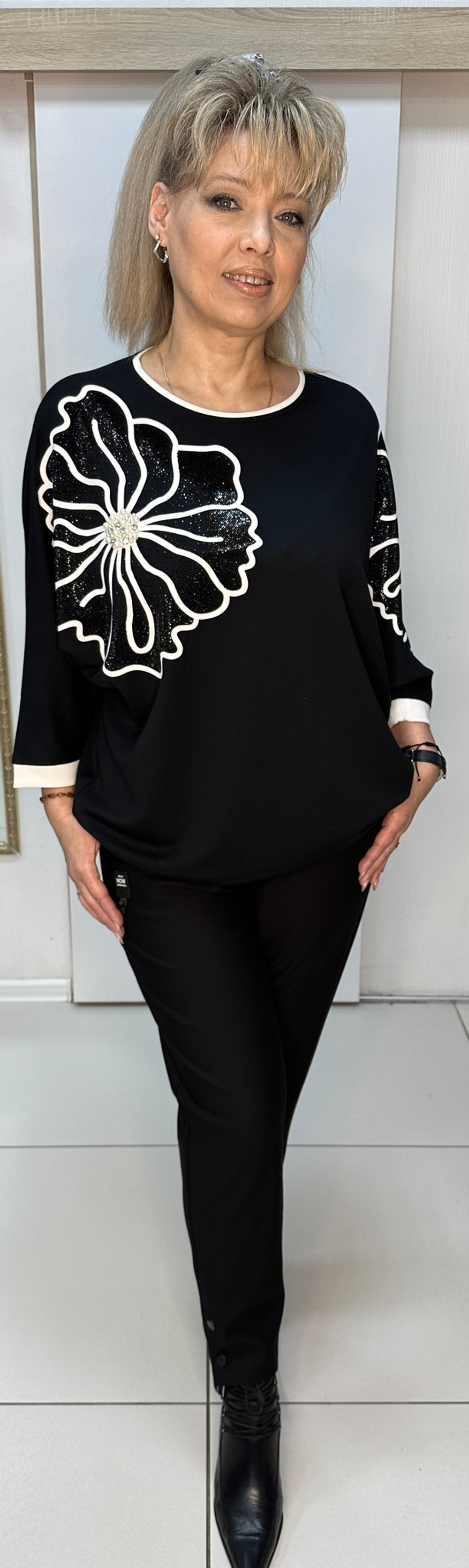 Нарядный черный джемпер с белым стразовым принтом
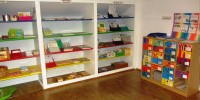 Abbildung einer Lernwerkstatt mit bunten Regalen und Schubladen in der Grundschule Schlierbach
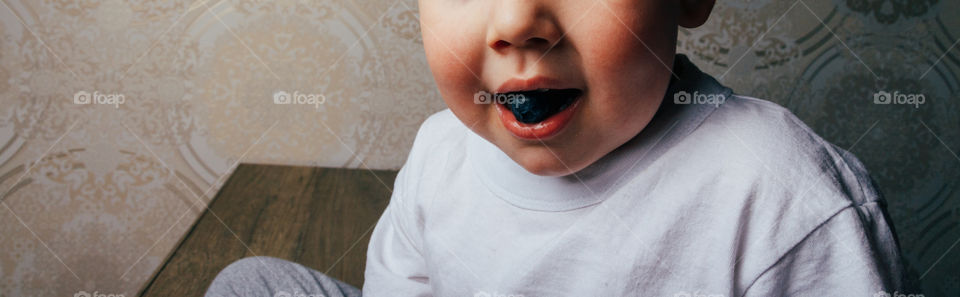 Eating blueberries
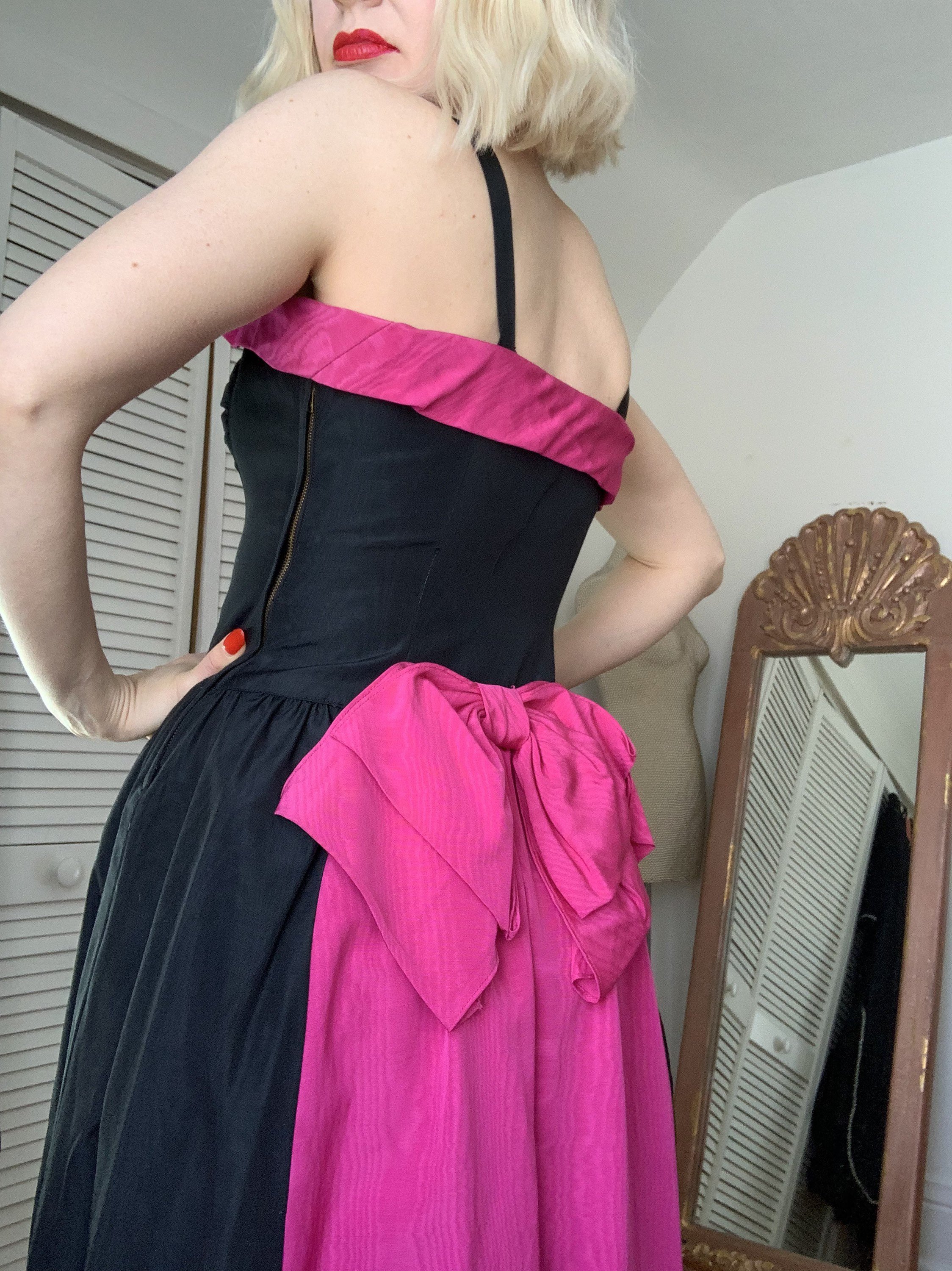 https://i.etsystatic.com/22865263/r/il/d4e897/3656907607/il_fullxfull.3656907607_392i.jpg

_ _ _ _

**Brief:**
Give back the listing unchanged. Strip out the pictures.

**Task output:**
 Нарядный черный джемпер с белым стразовым принтом
 Abbildung einer Lernwerkstatt mit bunten Regalen und Schubladen in der Grundschule Schlierbach
 Eating blueberries
 https://i.etsystatic.com/22865263/r/il/d4e897/3656907607/il_fullxfull.3656907607_392i.jpg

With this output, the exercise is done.